Byline: Joo Yong Kim, Gyu Min Kong, Dae Hyun Park and Dae Yoo Kim


Objective: We wanted to analyze the factors affecting the results of multiple cannulated screws fixation in patients less than 60 years old with femoral neck fracture (FNF).

Methods: We reviewed 52 patients (30 males, 22 females) who were treated with multiple cannulated screws fixation for FNFs. They were followed up for more than one year during January 2002 to December 2012. They were classified by Garden's classification. The anatomic reduction was evaluated by Garden's alignment index on hip both anteroposterior and lateral images. Postoperative complications were analyzed during follow up periods.

Results: By Garden's classification, 6 cases were in stage I, 13 cases in stage II, 30 cases in stage III and 3 cases in stage IV. During follow up periods, avascular necrosis of the femoral head was observed in 12 cases (23%) and nonunion was observed in 5 cases (9%). The 16 patients who had complications underwent total hip arthroplasty (31%). In non-displaced fracture groups (Garde I, II) did not have AVN nor nonunion. The incidence of complications in displaced fracture group was 51.5%. The complicated cases showed tendency for increased apex anterior angulation of femoral neck on hip lateral images and the result was statistically significant. (p=0.0260).

Conclusion: The patients less than 60 years old who were treated with multiple cannulated screws fixation for displaced FNFs showed the incidence of complications was more than 50%. It needs a cautious approach for anatomical reduction, especially related to anterior angulation on hip lateral image.

KEY WORDS: Femoral neck fracture, Multiple screw fixation, Avascular necrosis, Nonunion.

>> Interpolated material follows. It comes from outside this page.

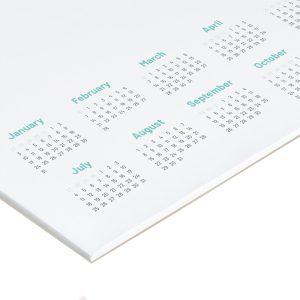 Bureau onderlegger met logo, bureau onderleggers met logo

Femoral neck fracture (FNF) is likely to develop into conditions that require hip joint replacement even after appropriate treatment due to complications, such as avascular necrosis of the femoral head (AVN) and nonunion.1-3 Studies have been conducted on various factors related to the high frequency of complications, and they have reported pattern of the fracture, the accuracy of reduction, and the locations of metal implants, the degree of crushing of the posterior cortical bone, and the time interval between being injured and undergoing an operation.2,4,5

Although joint replacement is presented as a good solution for elderly FNF patients as it facilitates early rehabilitation and reduces the risk of reoperation,6 techniques that preserve original joints are preferred for relatively younger patients.7-8

In the present study, the authors followed up with relatively young patients that underwent multiple cannulated screw fixation as a treatment for FNFs to examine the postoperative results and factors that affect complications and prognoses.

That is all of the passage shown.